Location
- 6063 Drexel Rd Philadelphia, Pennsylvania 19131-1296 United States
- Coordinates: 39°59′21″N 75°14′52″W﻿ / ﻿39.98923°N 75.24787°W

Information
- Other names: Philadelphia Yeshiva Yeshiva Gedolah of Philadelphia
- Religious affiliation: Judaism
- Denomination: Lithuanian Haredi
- Established: 1953
- CEEB code: 393532
- NCES School ID: 01195981
- Faculty: 7.8 (on an FTE basis)
- Grades: 9–12
- Enrollment: 107 (2019-2020)
- • Grade 9: 26
- • Grade 10: 26
- • Grade 11: 25
- • Grade 12: 30
- Student to teacher ratio: 1:13.7
- Hours in school day: 11
- Campus type: Large city
- Colors: Cardinal & White ^{[citation needed]}

= Talmudical Yeshiva of Philadelphia =

Jewish high school in Philadelphia, Pennsylvania, USA

The Talmudical Yeshiva of Philadelphia (פילאדעלפיע ישיבה) is a Haredi Litvish yeshiva in the Overbrook neighborhood of Philadelphia, Pennsylvania. Its heads of school are Rabbi Shmuel Kamenetsky, Rabbi Shimon Yehudah Svei and Rabbi Sholom Kaminetsky.

== History==
The yeshiva was founded in 1953 at the behest of Rabbi Aaron Kotler, the Rosh Yeshiva of Beth Medrash Govoha in Lakewood, New Jersey. Rabbis Shmuel Kamenetsky and Dov Schwartzman first headed the yeshiva. The yeshiva's first location was at 3003 W Berks Street in the Strawberry Mansion neighborhood of Philadelphia. Dedication ceremonies for the new yeshiva were held on June 10, 1954 at the Paramount Mansion, Broad Street and Girard Avenue.
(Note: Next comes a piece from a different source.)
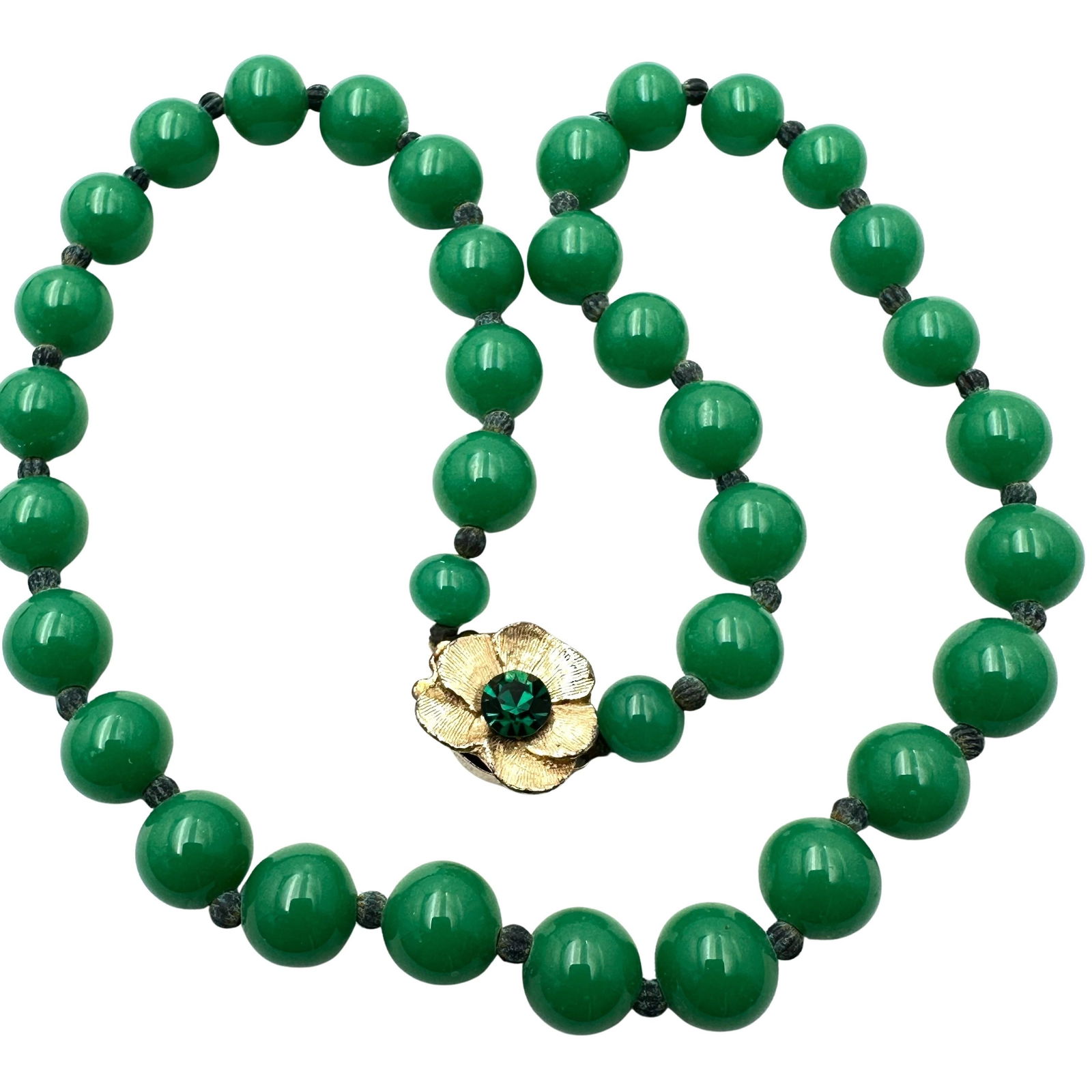 Vintage Green Czech Glass Bead 17 Inch Necklace Gold Tone Rhinestone Flower Clasp: Vintage Green Czech Glass Bead 17 Inch Necklace Gold Tone Rhinestone Flower Clasp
The yeshiva purchased a building at 6040 Drexel Road in Overbrook in August 1955 and expanded its dormitories, eating facilities, classrooms, and library. Enrollment numbered 22 students in 1955. The same year, Rabbi Schwartzman left the yeshiva and was replaced by Rabbi Elya Svei. On May 1, 1955, the Yeshiva held its first annual banquet at the Davis Caterers, 1400 W Girard, and featured as speakers Rabbi Leo Jung and Irving Bunim.

From 1965 until 1985, Rabbi Yisrael Mendel Kaplan was one of the yeshiva's senior lecturers.

Hyman Korman, a Philadelphia home builder and philanthropist, was an early supporter of the yeshiva. Following his passing, the yeshiva's board voted in November 1970 to name its high school in memory of Korman. With the financial assistance of the Chevra Bnai Moshe, the yeshiva opened new laboratories for chemistry, physics, and biology in 1971. Enrollment had grown to 175 students in 1975.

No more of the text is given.